After power washing the walls and applying primer, she uses high quality house paint, all of which has been donated by Kelly-Moore Paints of Ukiah.

“House paint is opaque, so it lends itself to what I had already been developing in my style. I love cut areas of color, firm, clear good lines—no messiness, no bleeding, not a bunch of rough brush strokes.

“In a way it’s like Hindu art or Chinese etchings with curvilinear lines and patterns; it’s a balance between patterning and realism.”

She has recently coined the term for what she does as ornamental realism.

In order to mitigate the damage of vandalism, she rolls on a clear product, four coats deep, creating a physical barrier.

“I am so grateful that people have respected the art; the community deserves credit for that,” she says.

The most recent iteration of the panels is the production of 30 banners hung in the Pear Tree Shopping Center.
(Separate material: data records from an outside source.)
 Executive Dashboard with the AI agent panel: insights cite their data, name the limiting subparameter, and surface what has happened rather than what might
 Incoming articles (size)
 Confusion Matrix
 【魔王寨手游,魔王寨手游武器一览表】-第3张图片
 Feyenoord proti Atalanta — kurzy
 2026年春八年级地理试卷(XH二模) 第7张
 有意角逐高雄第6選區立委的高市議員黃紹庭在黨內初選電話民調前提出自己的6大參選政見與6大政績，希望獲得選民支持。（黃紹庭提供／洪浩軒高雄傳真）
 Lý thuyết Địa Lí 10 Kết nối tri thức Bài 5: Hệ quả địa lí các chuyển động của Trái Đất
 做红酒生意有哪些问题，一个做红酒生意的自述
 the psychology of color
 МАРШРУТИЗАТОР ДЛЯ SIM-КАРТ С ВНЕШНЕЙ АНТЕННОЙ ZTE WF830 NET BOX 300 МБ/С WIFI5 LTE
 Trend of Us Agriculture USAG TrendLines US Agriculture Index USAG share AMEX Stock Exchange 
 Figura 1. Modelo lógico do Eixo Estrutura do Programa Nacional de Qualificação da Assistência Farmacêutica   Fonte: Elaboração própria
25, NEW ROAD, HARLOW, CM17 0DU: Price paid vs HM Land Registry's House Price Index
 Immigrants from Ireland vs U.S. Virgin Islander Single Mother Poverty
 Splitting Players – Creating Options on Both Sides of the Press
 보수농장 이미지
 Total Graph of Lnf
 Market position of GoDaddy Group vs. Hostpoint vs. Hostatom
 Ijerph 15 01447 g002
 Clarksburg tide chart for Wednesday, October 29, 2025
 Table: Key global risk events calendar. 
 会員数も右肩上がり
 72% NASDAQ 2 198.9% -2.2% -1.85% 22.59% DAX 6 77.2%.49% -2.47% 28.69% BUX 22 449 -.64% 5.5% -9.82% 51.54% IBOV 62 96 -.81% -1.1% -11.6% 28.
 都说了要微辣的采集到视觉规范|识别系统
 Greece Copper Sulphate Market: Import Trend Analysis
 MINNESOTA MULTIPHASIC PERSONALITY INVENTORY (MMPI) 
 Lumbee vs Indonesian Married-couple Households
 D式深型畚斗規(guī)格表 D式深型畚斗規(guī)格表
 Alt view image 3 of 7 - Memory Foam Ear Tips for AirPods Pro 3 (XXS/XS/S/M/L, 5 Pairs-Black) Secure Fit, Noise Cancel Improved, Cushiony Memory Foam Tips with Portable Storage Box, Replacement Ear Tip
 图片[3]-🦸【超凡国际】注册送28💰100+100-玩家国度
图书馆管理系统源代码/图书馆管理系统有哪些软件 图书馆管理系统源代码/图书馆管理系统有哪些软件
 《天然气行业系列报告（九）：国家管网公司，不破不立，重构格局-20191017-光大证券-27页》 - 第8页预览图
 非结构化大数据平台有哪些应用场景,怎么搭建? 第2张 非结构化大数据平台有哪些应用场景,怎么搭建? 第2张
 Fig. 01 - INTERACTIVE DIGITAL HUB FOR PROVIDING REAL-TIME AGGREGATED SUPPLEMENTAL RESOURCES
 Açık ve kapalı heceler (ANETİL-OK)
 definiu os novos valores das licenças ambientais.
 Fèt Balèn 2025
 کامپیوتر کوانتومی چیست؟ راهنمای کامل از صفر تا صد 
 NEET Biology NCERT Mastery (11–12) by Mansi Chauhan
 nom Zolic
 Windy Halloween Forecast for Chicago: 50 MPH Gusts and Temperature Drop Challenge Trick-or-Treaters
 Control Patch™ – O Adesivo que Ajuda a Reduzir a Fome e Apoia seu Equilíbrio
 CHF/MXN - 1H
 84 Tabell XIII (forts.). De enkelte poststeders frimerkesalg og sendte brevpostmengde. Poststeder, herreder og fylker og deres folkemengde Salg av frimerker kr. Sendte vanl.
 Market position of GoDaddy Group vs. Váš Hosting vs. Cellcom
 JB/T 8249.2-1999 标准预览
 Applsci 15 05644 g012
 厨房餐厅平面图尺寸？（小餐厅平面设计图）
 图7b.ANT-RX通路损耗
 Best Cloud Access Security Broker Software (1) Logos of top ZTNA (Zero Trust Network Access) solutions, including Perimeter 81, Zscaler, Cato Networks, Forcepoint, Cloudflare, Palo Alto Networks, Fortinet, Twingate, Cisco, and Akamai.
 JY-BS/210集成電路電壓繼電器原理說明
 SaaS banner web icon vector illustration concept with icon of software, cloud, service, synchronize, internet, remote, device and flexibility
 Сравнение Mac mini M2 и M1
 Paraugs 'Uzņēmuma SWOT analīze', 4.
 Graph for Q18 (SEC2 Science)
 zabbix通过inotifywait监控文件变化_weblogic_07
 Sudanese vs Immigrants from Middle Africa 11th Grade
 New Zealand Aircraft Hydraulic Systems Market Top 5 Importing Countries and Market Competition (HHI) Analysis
Her son Adrian Sinnott and James Foy took photos of all 30 panels (including the four incomplete ones) and through a collaboration of the Greater Ukiah Business and Tourism Alliance, the Pear Tree Shopping Center, Arts Council of Mendocino County, Mo Mulheren and Sinnott, the murals were photographed, photoshopped, printed onto banners and hung in the shopping center.

“I think it might be fun for people to do a pleasure/treasure hunt in the parking lot to see who they can recognize—who is who in the banners.”

It has, of course, been rewarding artistically for Sinnott but she could not have predicted the joy she has received from interacting with the public on a regular basis while working on the murals.

“I’m portraying living people for everyone; it’s a project for us but also about us and it’s so satisfying to do portraits of people who are alive; they can see themselves and point out their images to friends and family. It’s so cool.”

She realizes that although she cannot right wrongs perpetrated throughout time, she can help shed light on them through her art.

“The Native genocide cannot be covered up; it has to be in there.”

The last four panels—Innovation, Service, Remembrance, Our Future Together—are half-way completed. Her plans for the final panel  will portray children of the future with an ideal city in the background and the sun’s rays proclaiming: equality, tradition, vision, honesty, compassion, respect, peace and freedom.

“These are the values we will need to embrace to get to our beautiful future,” she says.